The band has had many line-up changes throughout its history. The band has found much success in Europe, with many of their singles charting in countries such as the Netherlands, United Kingdom, France and Spain. They are most successful in their native country Belgium, where they have 27 hit singles which have been in the Ultratop chart, 22 of them being in the top ten and four of them being number ones. Furthermore, all of their seven albums have charted there, with two of them reaching number one. Milk Inc. is the current record holder for the number of TMF Awards in Belgium and the Netherlands, with a total of 17 awards received.

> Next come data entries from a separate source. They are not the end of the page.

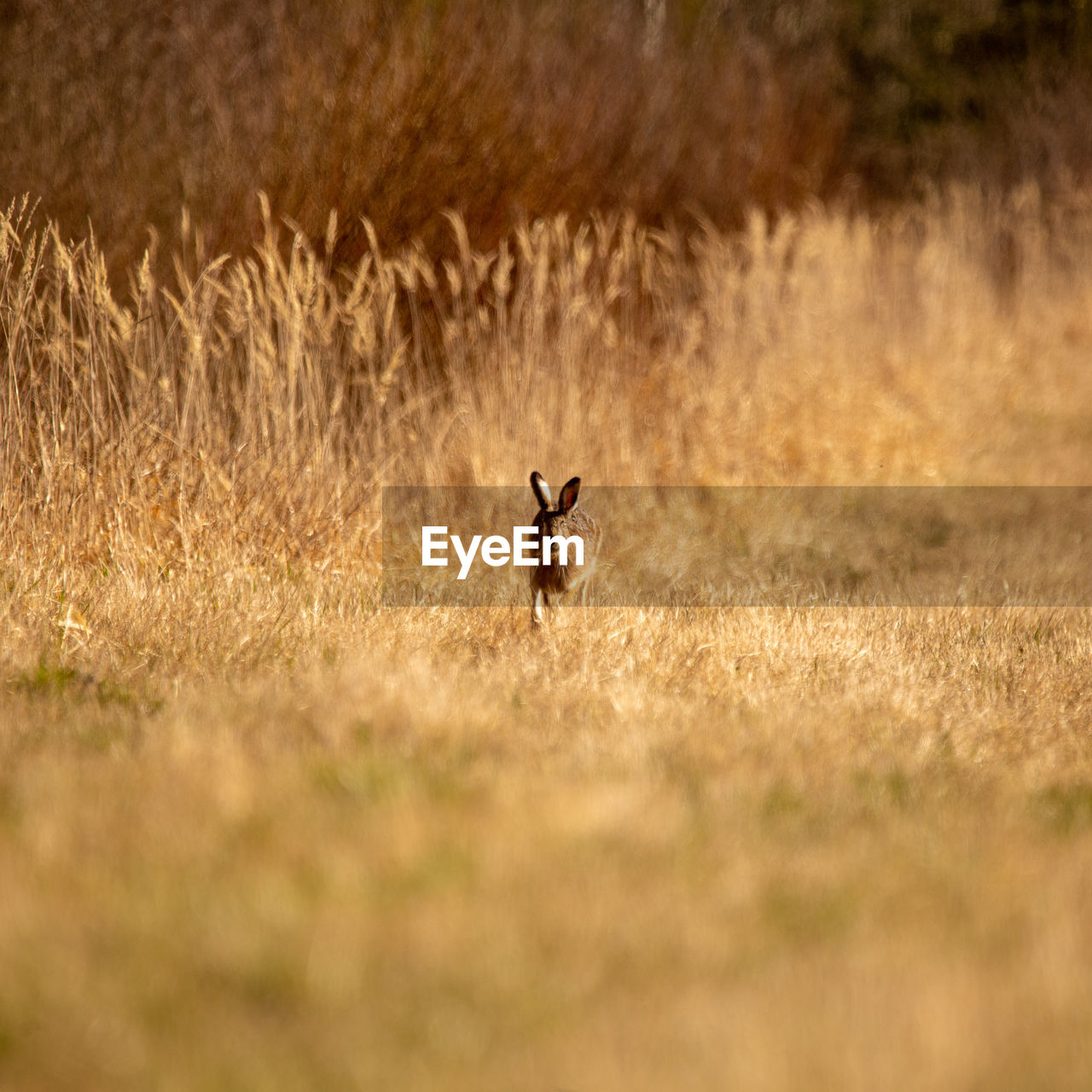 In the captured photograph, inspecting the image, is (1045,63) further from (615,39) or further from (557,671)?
(557,671)

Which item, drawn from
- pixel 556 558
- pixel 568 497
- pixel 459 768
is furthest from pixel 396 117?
pixel 459 768

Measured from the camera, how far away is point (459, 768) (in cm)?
284

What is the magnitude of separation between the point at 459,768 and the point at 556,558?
4.78 feet

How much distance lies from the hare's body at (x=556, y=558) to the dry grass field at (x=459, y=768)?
11 centimetres

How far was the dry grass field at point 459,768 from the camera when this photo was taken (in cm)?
187

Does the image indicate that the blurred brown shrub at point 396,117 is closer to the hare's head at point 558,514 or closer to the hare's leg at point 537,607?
the hare's head at point 558,514

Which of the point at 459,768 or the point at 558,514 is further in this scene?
the point at 558,514

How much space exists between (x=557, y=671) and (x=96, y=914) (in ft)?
5.53

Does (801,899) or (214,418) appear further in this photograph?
(214,418)

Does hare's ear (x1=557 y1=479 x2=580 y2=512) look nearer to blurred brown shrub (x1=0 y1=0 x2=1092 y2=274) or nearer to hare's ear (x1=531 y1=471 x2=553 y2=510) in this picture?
hare's ear (x1=531 y1=471 x2=553 y2=510)

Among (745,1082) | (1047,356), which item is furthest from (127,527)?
(1047,356)

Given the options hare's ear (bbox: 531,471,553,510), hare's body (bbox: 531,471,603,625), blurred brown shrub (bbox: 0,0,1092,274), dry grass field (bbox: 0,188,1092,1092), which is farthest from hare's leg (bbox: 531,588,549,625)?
blurred brown shrub (bbox: 0,0,1092,274)

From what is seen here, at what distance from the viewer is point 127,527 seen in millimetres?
4578

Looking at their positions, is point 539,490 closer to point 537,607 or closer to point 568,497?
point 568,497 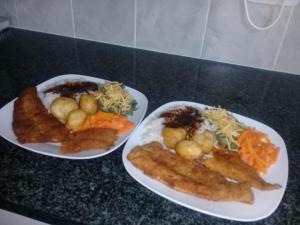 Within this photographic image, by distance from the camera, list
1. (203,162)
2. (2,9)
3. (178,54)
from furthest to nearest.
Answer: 1. (2,9)
2. (178,54)
3. (203,162)

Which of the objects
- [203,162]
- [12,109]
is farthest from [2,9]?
[203,162]

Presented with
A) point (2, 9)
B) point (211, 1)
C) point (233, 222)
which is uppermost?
point (211, 1)

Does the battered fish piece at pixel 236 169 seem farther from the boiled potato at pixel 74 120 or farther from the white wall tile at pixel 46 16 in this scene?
the white wall tile at pixel 46 16

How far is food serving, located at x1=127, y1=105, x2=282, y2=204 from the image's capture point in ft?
2.19

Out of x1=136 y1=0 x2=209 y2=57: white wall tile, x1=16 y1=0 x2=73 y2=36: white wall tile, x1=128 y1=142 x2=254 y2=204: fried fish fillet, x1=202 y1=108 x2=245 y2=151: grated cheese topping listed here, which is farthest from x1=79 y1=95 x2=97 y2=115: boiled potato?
x1=16 y1=0 x2=73 y2=36: white wall tile

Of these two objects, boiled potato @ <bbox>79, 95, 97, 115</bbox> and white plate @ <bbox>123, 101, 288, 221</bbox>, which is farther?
boiled potato @ <bbox>79, 95, 97, 115</bbox>

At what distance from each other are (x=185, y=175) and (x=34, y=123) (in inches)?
18.5

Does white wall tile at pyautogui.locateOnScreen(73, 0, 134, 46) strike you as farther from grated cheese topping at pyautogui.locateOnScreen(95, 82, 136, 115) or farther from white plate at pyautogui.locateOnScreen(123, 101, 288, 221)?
white plate at pyautogui.locateOnScreen(123, 101, 288, 221)

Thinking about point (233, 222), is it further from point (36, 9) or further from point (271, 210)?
point (36, 9)

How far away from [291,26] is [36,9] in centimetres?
119

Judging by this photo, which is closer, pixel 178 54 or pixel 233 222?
pixel 233 222

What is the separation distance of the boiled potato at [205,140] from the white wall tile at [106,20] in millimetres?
732

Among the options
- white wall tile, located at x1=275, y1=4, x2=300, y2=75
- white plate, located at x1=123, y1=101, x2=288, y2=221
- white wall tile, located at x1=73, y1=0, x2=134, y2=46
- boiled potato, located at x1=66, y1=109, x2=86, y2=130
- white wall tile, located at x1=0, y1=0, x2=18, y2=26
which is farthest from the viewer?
white wall tile, located at x1=0, y1=0, x2=18, y2=26

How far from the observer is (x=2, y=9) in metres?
1.48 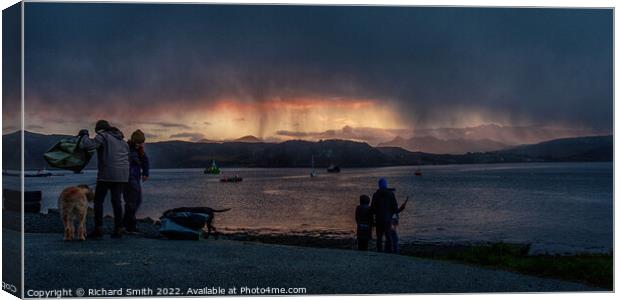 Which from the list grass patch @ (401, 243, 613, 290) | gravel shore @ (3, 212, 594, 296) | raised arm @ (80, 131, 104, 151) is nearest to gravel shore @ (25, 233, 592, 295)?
gravel shore @ (3, 212, 594, 296)

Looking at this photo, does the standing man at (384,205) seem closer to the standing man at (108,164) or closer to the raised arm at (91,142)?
the standing man at (108,164)

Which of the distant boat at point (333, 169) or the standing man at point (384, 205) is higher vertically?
the distant boat at point (333, 169)

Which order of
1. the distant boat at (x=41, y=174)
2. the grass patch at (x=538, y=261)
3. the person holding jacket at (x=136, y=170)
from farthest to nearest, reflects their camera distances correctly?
the person holding jacket at (x=136, y=170)
the grass patch at (x=538, y=261)
the distant boat at (x=41, y=174)

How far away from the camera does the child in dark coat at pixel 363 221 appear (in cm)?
1355

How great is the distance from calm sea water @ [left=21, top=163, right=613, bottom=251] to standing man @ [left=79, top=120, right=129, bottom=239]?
1.78ft

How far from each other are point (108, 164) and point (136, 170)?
62cm

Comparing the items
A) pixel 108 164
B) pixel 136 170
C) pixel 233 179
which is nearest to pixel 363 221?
pixel 233 179

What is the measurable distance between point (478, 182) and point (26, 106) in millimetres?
7619

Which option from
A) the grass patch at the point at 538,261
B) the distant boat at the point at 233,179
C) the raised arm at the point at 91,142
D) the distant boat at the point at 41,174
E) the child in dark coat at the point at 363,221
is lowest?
the grass patch at the point at 538,261

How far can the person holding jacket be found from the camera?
518 inches

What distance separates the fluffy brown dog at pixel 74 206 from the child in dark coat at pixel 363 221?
4.47m

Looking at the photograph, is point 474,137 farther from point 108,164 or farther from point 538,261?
point 108,164

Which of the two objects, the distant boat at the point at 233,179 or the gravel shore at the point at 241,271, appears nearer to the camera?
the gravel shore at the point at 241,271

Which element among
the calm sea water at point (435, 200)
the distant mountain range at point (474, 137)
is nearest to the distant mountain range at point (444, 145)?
the distant mountain range at point (474, 137) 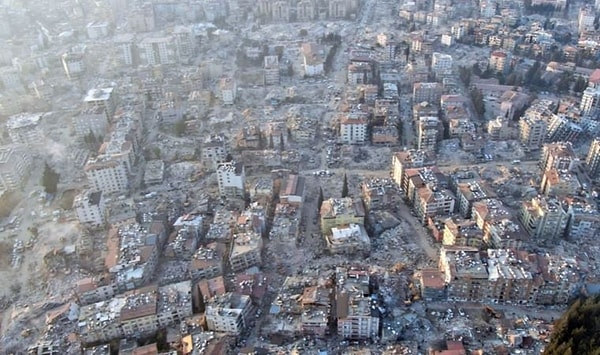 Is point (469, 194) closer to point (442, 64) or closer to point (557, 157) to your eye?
point (557, 157)

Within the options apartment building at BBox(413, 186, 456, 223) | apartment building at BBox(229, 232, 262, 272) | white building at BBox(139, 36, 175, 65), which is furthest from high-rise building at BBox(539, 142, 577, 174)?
white building at BBox(139, 36, 175, 65)

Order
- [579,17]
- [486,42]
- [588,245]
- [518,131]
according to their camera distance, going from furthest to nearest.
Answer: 1. [579,17]
2. [486,42]
3. [518,131]
4. [588,245]

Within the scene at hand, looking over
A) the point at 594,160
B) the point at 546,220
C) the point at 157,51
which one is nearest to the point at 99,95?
the point at 157,51

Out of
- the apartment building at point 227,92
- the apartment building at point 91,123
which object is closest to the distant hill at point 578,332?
the apartment building at point 227,92

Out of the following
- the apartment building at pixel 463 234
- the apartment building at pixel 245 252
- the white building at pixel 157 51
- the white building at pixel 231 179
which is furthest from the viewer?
the white building at pixel 157 51

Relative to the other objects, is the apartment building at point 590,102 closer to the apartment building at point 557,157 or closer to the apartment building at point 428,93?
the apartment building at point 557,157

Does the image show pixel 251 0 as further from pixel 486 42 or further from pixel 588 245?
pixel 588 245

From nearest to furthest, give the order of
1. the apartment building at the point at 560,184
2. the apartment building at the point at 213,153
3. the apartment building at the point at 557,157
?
the apartment building at the point at 560,184
the apartment building at the point at 557,157
the apartment building at the point at 213,153

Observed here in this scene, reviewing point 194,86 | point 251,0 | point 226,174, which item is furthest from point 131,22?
point 226,174
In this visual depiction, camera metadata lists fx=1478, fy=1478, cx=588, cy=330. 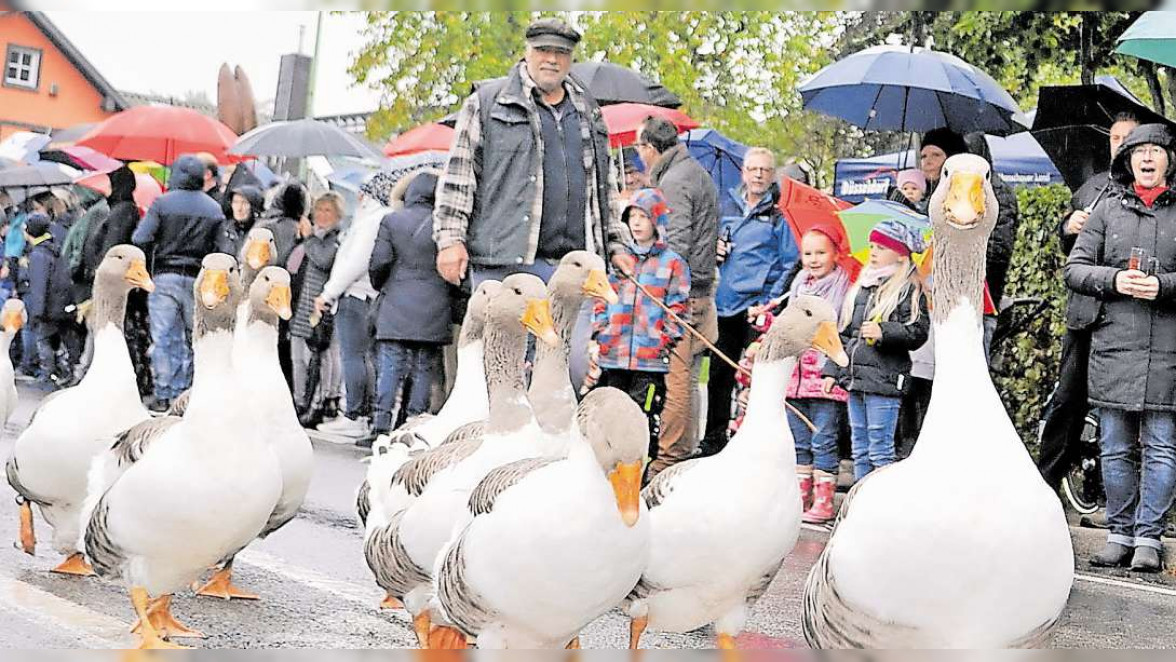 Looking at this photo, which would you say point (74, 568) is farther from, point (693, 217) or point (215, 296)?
point (693, 217)

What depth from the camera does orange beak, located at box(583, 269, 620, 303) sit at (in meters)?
5.80

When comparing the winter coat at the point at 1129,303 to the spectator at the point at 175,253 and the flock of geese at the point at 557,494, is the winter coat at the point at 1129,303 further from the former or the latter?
the spectator at the point at 175,253

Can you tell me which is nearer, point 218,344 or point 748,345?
point 218,344

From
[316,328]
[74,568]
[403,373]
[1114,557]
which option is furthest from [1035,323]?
[74,568]

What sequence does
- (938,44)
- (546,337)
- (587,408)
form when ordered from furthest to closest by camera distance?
1. (938,44)
2. (546,337)
3. (587,408)

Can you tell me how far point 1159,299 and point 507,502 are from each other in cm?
463

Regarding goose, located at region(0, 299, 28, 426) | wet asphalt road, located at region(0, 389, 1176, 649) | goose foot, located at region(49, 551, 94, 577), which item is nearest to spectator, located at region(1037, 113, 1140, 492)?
wet asphalt road, located at region(0, 389, 1176, 649)

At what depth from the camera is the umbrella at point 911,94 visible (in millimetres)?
9703

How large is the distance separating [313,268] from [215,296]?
7.25 m

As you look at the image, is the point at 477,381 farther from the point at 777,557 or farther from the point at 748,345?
the point at 748,345

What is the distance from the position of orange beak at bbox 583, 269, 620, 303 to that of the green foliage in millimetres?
5362

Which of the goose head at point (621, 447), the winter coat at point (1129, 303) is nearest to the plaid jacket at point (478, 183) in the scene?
the winter coat at point (1129, 303)

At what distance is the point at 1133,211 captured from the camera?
7.61 metres

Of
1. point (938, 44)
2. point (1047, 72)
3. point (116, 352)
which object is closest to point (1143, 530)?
point (116, 352)
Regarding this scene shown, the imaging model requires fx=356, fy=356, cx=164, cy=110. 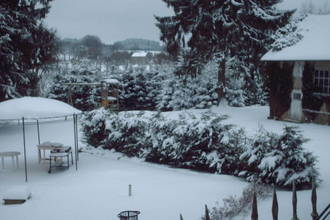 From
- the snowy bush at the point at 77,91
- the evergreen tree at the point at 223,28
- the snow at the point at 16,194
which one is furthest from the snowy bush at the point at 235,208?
the snowy bush at the point at 77,91

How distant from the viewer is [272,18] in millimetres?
22375

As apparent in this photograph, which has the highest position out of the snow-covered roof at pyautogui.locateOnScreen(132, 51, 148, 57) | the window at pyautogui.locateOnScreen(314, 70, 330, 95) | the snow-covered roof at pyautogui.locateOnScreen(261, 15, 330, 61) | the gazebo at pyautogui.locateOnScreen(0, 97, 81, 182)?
the snow-covered roof at pyautogui.locateOnScreen(132, 51, 148, 57)

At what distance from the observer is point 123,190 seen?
8.95 m

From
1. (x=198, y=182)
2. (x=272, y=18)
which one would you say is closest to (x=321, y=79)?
(x=272, y=18)

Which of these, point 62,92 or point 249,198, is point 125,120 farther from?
point 62,92

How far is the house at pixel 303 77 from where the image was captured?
55.1ft

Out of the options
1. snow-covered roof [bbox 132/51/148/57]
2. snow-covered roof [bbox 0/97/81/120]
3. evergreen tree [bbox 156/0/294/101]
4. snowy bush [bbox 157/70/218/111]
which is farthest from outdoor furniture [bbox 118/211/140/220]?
snow-covered roof [bbox 132/51/148/57]

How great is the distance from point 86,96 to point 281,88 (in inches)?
635

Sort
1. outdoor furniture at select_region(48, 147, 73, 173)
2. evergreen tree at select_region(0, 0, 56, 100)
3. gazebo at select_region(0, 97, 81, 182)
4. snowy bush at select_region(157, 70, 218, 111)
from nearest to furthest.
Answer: gazebo at select_region(0, 97, 81, 182), outdoor furniture at select_region(48, 147, 73, 173), evergreen tree at select_region(0, 0, 56, 100), snowy bush at select_region(157, 70, 218, 111)

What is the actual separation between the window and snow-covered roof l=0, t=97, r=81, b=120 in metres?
11.9

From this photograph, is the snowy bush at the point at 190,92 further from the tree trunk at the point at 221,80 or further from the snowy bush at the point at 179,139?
the snowy bush at the point at 179,139

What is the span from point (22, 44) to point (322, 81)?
1600cm

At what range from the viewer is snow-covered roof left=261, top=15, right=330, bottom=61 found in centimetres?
1647

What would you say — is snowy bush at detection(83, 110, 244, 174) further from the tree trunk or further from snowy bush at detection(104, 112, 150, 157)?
the tree trunk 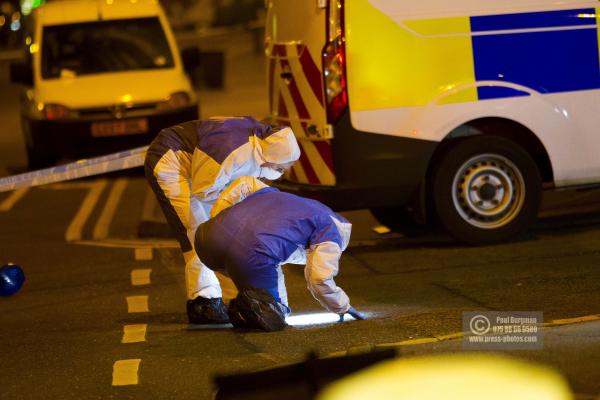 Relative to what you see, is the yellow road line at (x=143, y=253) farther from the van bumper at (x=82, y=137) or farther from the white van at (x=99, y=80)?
the white van at (x=99, y=80)

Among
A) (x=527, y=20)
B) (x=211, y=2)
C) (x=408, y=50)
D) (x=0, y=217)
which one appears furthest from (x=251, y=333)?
(x=211, y=2)

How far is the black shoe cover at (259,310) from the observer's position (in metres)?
6.33

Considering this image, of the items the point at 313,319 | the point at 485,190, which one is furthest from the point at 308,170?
the point at 313,319

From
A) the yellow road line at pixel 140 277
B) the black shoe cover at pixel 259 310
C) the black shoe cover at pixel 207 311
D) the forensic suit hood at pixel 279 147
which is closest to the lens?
the black shoe cover at pixel 259 310

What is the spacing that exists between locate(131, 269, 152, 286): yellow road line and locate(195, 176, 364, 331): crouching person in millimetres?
1759

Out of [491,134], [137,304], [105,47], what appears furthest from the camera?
[105,47]

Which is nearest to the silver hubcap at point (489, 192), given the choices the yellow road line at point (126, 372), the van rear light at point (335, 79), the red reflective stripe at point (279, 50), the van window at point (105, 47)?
the van rear light at point (335, 79)

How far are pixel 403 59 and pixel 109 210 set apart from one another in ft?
14.5

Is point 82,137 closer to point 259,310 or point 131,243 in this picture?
point 131,243

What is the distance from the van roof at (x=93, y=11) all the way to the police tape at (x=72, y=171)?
6933 mm

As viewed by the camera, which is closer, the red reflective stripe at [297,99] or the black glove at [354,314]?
the black glove at [354,314]

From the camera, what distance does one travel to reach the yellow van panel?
26.4ft

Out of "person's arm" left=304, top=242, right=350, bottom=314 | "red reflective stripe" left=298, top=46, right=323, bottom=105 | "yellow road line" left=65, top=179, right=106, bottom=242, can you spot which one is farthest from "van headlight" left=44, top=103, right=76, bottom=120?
"person's arm" left=304, top=242, right=350, bottom=314

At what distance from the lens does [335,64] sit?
812cm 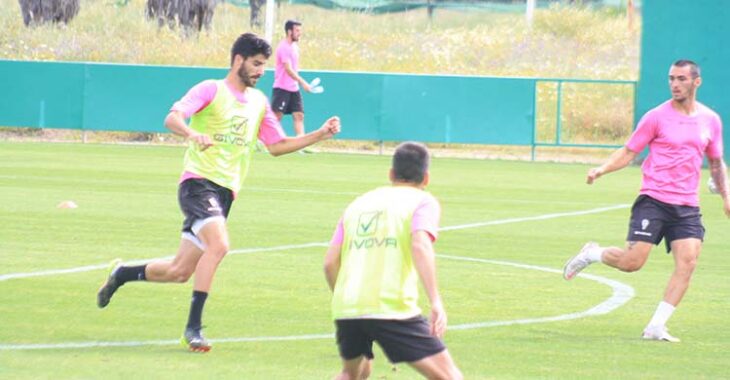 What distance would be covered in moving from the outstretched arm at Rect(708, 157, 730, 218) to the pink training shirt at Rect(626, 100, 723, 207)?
0.22 meters

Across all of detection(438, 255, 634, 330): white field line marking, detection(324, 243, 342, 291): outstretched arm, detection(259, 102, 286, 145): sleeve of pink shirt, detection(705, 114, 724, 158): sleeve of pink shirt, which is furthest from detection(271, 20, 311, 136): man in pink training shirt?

In 2004, they released "Whisper", Mertens's first number-one hit on the Ultratop Charts in Belgium.

Early in 2005, Milk Inc. performed at the Tsunami 1212 benefit festival in Belgium. That year, they released "Blind" and "Go to Hell", both reaching the top 5.

On 9 June 2006, they released a version of "Tainted Love" fused with beats from Deep Zone's 1995 track "It's Gonna Be Alright".

In September 2006, the album Supersized was released along with the single "Run". The album reached number 3 in Belgium, and "Run" peaked at number 7. The song was widely played in Poland, which led to an invitation to perform at the Hity Na Czasie festival the following year.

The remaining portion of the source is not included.